VALID TESTING? That sounds like heresy to Internet believers. And one possible problem with Hann's test is that it was conducted in 1997 -- a century ago on the Web -- though he's just publicizing his findings now. Nevertheless, Hann contends that his test is still valid because the travel sites' underlying technology, which uses different mathematical formulas to respond to consumer queries, is unchanged. "I have not seen any indication that the technology has improved," Hann says. Online travel merchants agree that most changes have been with the customer interface -- not with the mechanism that chooses flights.

How objective is Hann's study? It was funded by a major real-world travel agency, but he declined to give Business Week Online the name nor would he say if the agency had online interests or an affiliation with an airline. He also declined to name the sites he queried, other than to say that they were five of the largest. The leading sites are generally considered Expedia.com, Travelocity.com, TheTrip.com, ITN.com, and PreviewTravel.com. All have airline affiliations. American Airlines' parent owns a stake in Travelocity. United indirectly operates Apollo, the computer reservation system that TheTrip, ITN, and PreviewTravel use. Northwest and Continental own WorldSpan, Expedia's database.

Hann says he decided to study online travel because it is such a large component of online buying today. Jupiter Communications says it consumed 30% of $7.1 billion in total online sales in 1998. What was Hann's method? He reran all the travel queries of his sponsor from April, 1997, sending to the five sites from 300 to 500 requests for round-trip tickets within the U.S. each day for five days.

The researchers theorized that price disparities may indicate some specialization among the Internet travel sites, though they don't advertise themselves as such. Some tend to present the lowest fares, others the best connections, and still others the closest window of time for departure. "Each agency was in some sense better and is some sense worse, depending on criteria," says Eric K. Clemons, a professor of operations and information management at Wharton and an adviser on the project.

Online travel merchants concur that they filter the information but insist that they don't target a certain type of consumer. "Our value to the customers is providing unbiased information and to shop across a variety of suppliers," says Terry Jones, president of Travelocity in Fort Worth and chief information officer of the Sabre Group Inc., the computer reservation system that powers the site. "You can search by airline, time, or price, and we will search any way you want."

The real issue, say the Wharton academics, is that consumers don't know who offers the best deal because they don't exhaustively shop around -- even on the Internet where research is only a matter of keystrokes. Convenience is still an issue. Consumers don't search all the sites because each one makes customers fill out tedious forms with personal information. On that, the online sellers agree.

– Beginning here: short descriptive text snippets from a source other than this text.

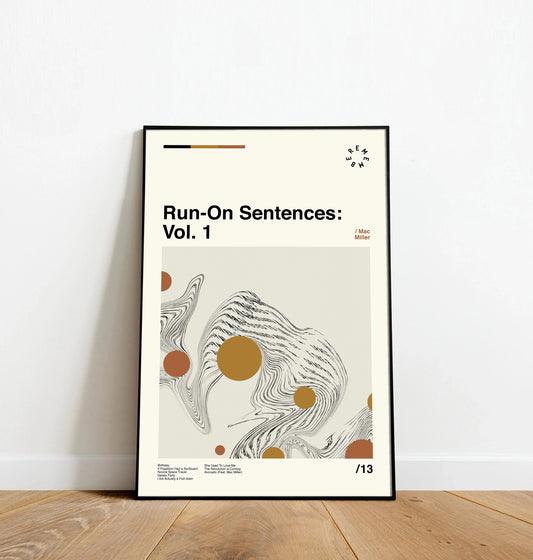 Run On Sentences Vol 1 - Dinos Poster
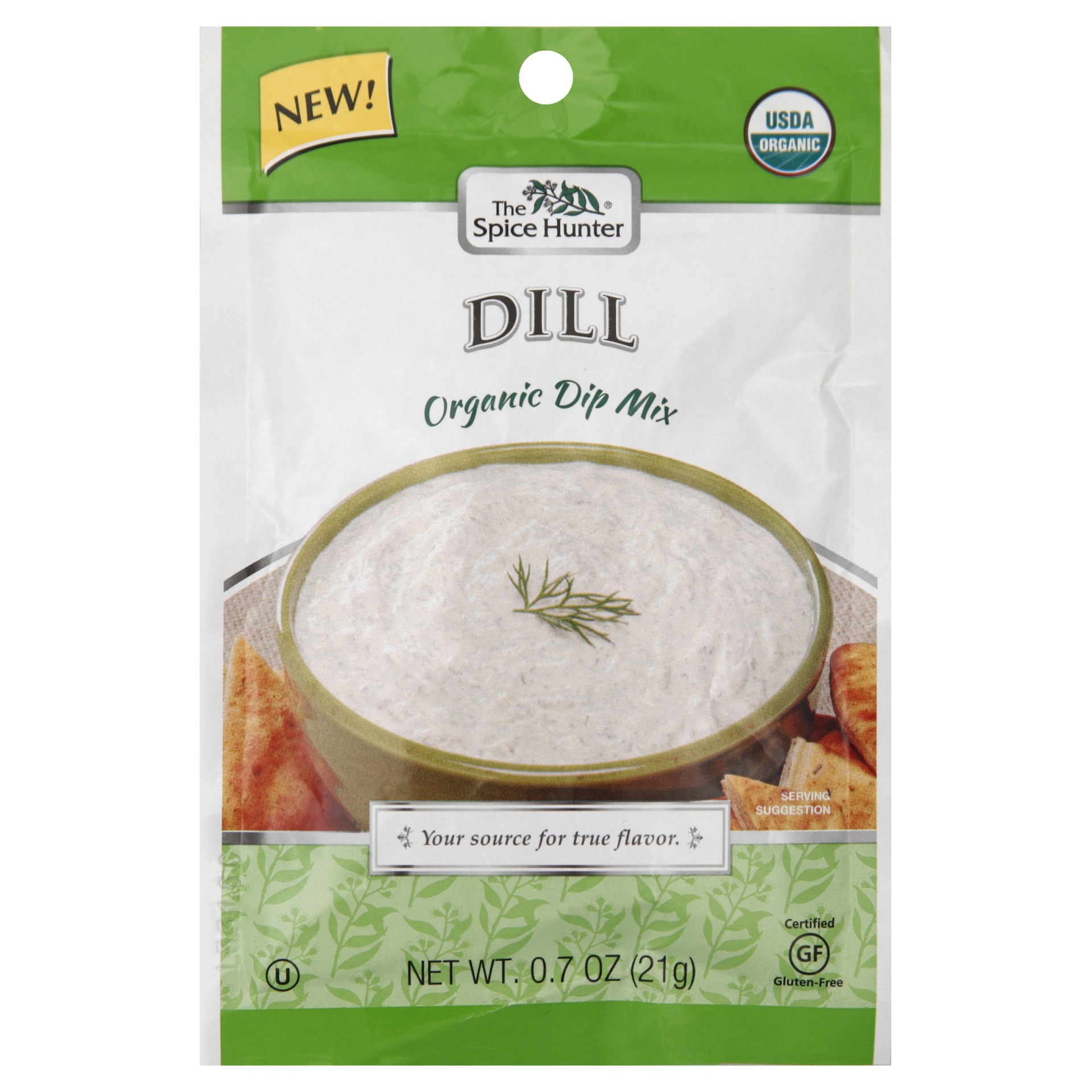 slide 1 of 3, The Spice Hunter Organic Dip Mix Dill, 0.7 oz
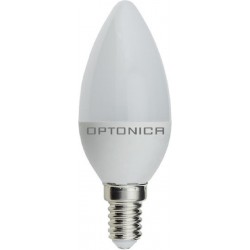 Optonica Λάμπα LED για Ντουί E14 και Σχήμα C37 Φυσικό (OPT-1423) Λευκό 320lm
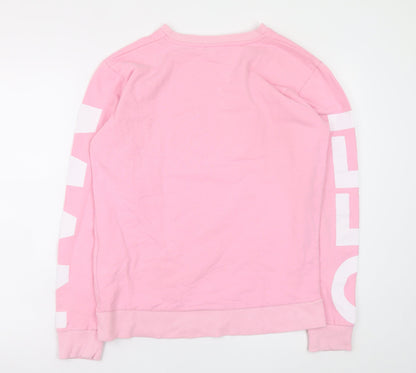 Mens UK Size M boohooMAN Pink Pullover Sweatshirt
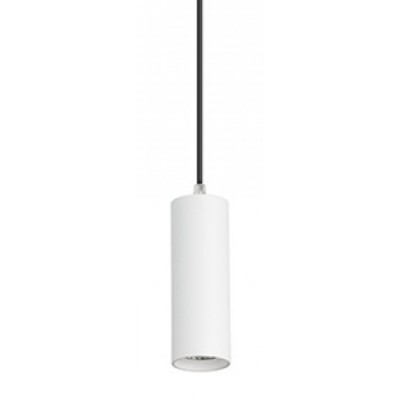 ALPACO PENDANT Závěsné svítidlo, základna kov, těleso kov, povrch lak bílá mat, LED 1x12W, teplá 3000K, 1020lm, 230V, IP20, tř.2. rozměry těleso d=56mm h=160mm, vč závěsného lanka s textilním úpletem h=1322mm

"One of the barriers to exit is the profile," says Antoine K. Toffa, chief executive officer of TheTrip in Denver. "Once you have put in all your information, will you feel like doing it with two or three other services?"

Hann's research doesn't definitively disprove the price-leveling capabilities of the Net, acknowledges Clemons. After all, technological improvements may produce a more consistent selection of fares among the sites. Then there's human nature. Exasperated consumers with little time and too many choices are likely to close their eyes and point, even on the Net.